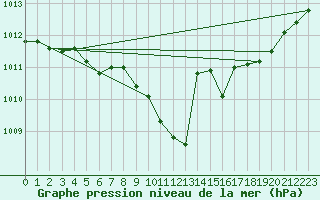 Courbe de la pression atmosphrique pour Inari Saariselka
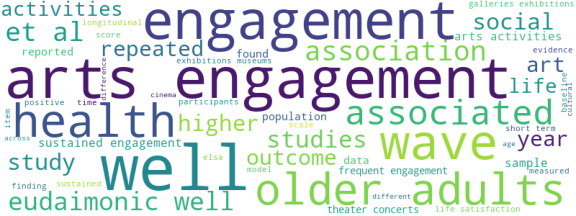 wordcloud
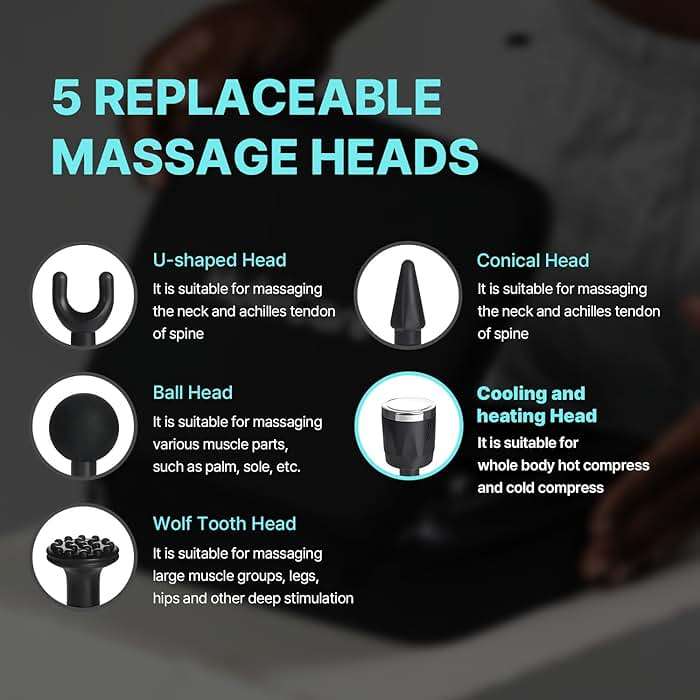HuBDIC HubiCare Heat and Cool Massage Gun with Upgraded Extension Handle, Percussion Massage Gun Deep Tissue, Muscle Back Massagers Handheld, Portable for Pain Relief, LED Display - Image 4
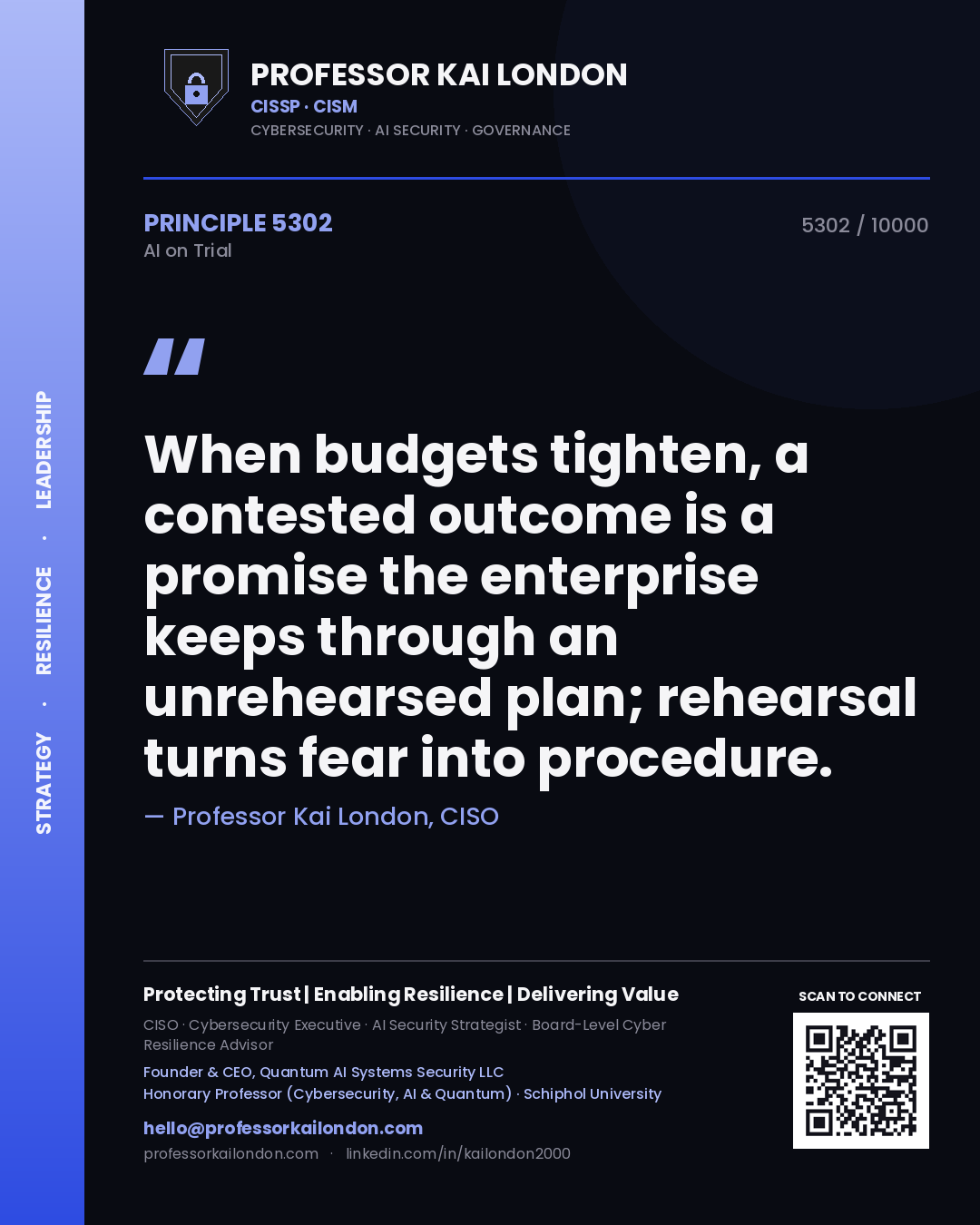 Professor Kai London principle 5302: When budgets tighten, a contested outcome is a promise the enterprise keeps through an unrehearsed plan; rehearsal turns fear into procedure.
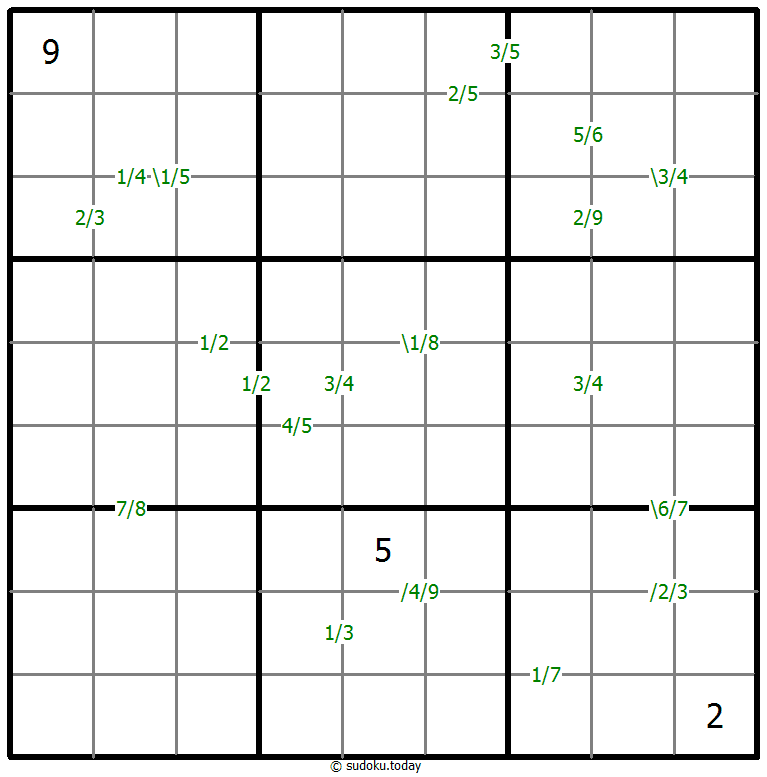 商数独 #59191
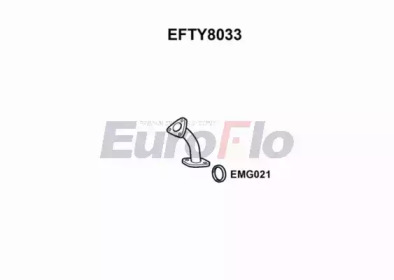 EUROFLO EFTY8033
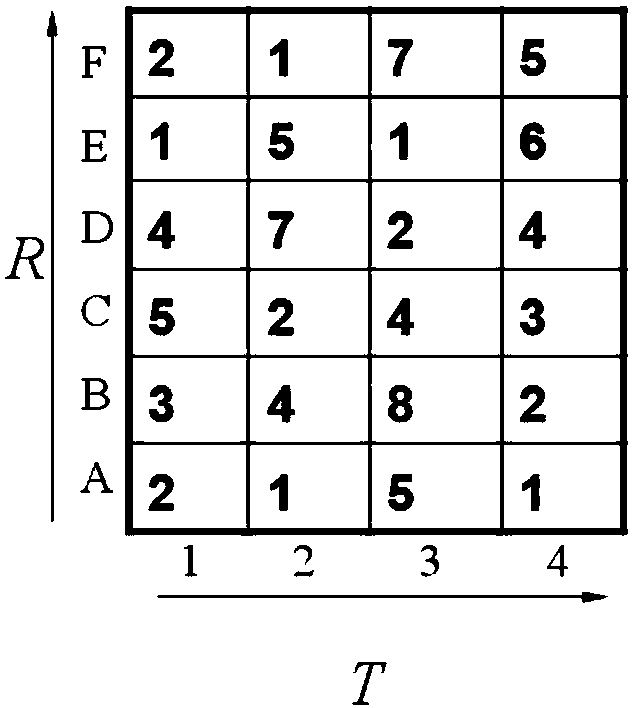 Method for measuring the space-time multi-variant hydrological time series similarity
+ + + + + + +
Task directions:
Restate the records word for word and drop the images.

Solution to this problem:
 Courbe de la pression atmosphrique pour Inari Saariselka
 wordcloud
HuBDIC HubiCare Heat and Cool Massage Gun with Upgraded Extension Handle, Percussion Massage Gun Deep Tissue, Muscle Back Massagers Handheld, Portable for Pain Relief, LED Display - Image 4
 Professor Kai London principle 5302: When budgets tighten, a contested outcome is a promise the enterprise keeps through an unrehearsed plan; rehearsal turns fear into procedure.
 商数独 #59191
 EUROFLO EFTY8033
 Method for measuring the space-time multi-variant hydrological time series similarity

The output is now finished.